コロナ禍、コミュニケーションに対する意識が変化し効率化が進んだ

関西電力送配電様では、現地での工事監理など、人と人が接する業務が多く発生する。
新型コロナウイルス感染症の感染拡大は、関西電力送配電様にも少なからず影響を与えていたが、感染拡大を契機にしてコミュニケーションに変化が起きたという。
「新型コロナウイルス感染症の感染拡大で人と人が直接会ってコミュニケーションをとることが困難になりました。そのような状況下において、メールを送っても相手に見てもらっているのか不明で確認のために電話をしたり、電話をかけても担当者が不在であったりなど様々な手間がありましたが、今はANDPADのチャット機能でコミュニケーションを取り、資料の共有を行うことで簡単に相手に確認して貰えているのかの確認ができるようになり、コミュニケーションが楽になりました。」と古賀様。

徳永様も同じく、導入後の変化を感じているという。
「今までは、工事設計者、施工者、監理者、協力会社がそれぞれやりとりをしていましたが、今は全員の動きがチャットで確認できますし、資料の閲覧履歴も分かるので、工事設計者としても認識が合わせやすく助かっています。」

最後に、今後の取り組みについてお二人に伺った。
「導入当初から便利さは実感していましたが、想定以上に効率化できていると感じています。まだ活用できていない部分も多くありますので、今後もANDPAD導入の旗振り役として、現場での運用を進めていきたいと思います。」と意欲的に語る徳永様。

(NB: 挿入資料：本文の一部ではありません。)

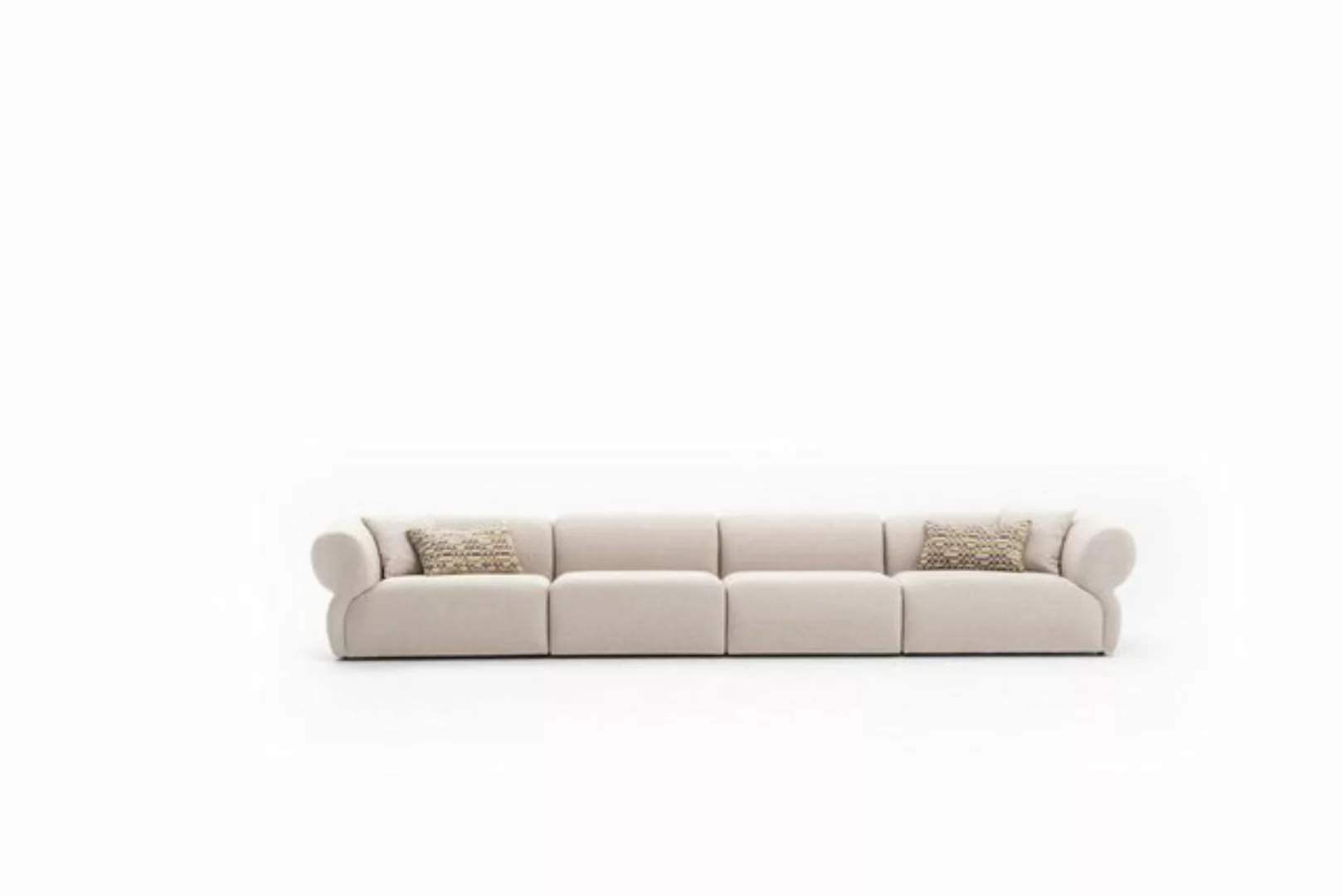 JVmoebel Big-Sofa Beige Big Sofa Couch 6 Sitzer Italienische xxl Sofa Möbel günstig online kaufen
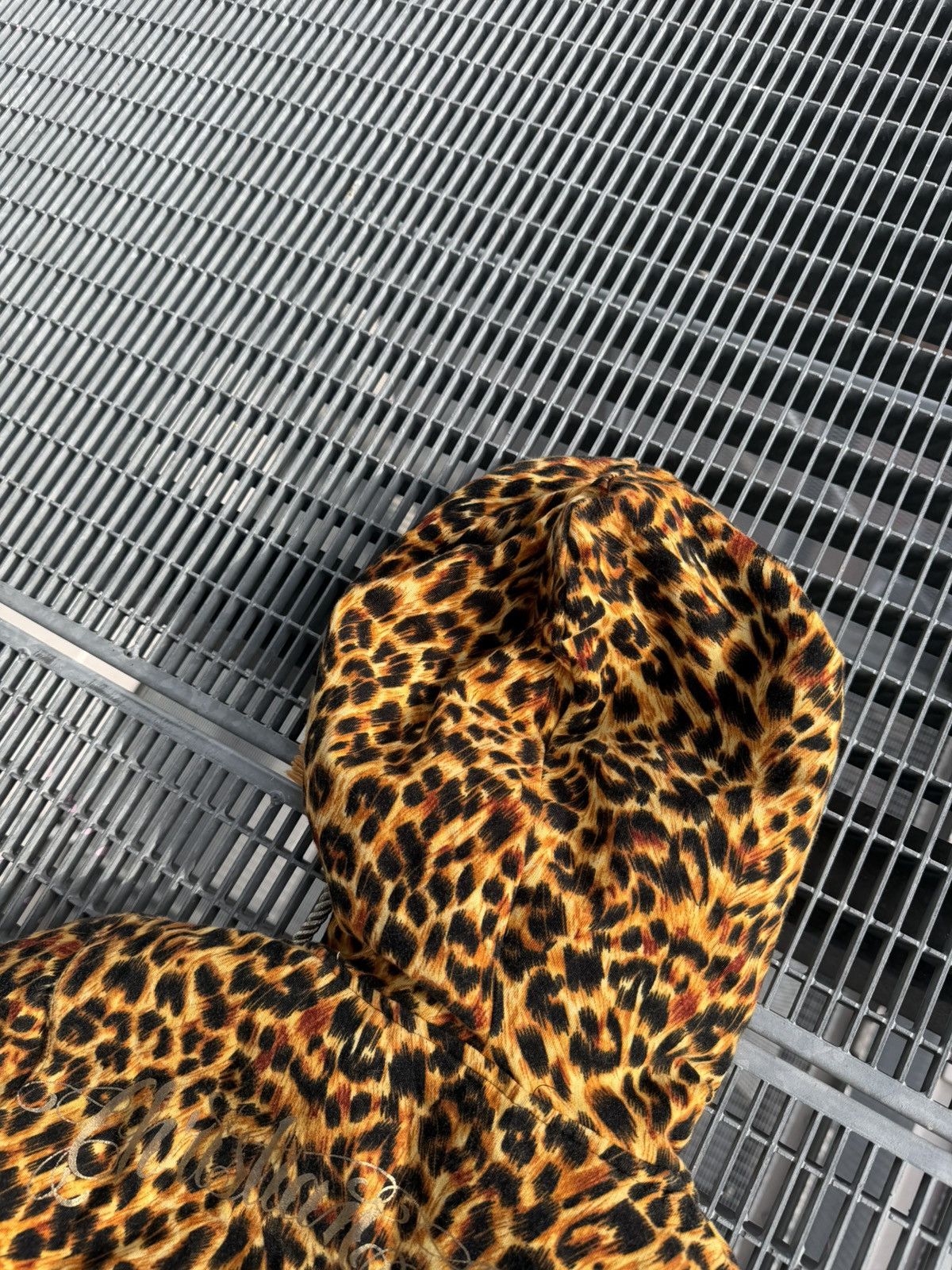 Christian Audigier Vintage Christian Audigier Leopard Y2K Overprinted Zip Size S / US 4 / IT 40 - 18 Thumbnail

データの一元管理を通じて効率化を図ることを目的として導入し、現在「その目的は十分果たせている」と古賀様は評価する。今後は次の段階に向けた構想を描かれているという。
「現在は、ペーパーレス化の実現に向けて検討を進めています。そこで、ANDPADさんにもご協力いただき新たな機能を共同開発しているところです。今後のDX推進に向けて更に進めていきます。」

関西電力送配電様は、電気の安全・安定供給と低廉な託送料金の責務を今後も果たし続けるべく、更なるDX化に向け取り組んでいる。社会の基盤を支えながら挑戦を続ける関西電力送配電様に、これからも注目していきたい。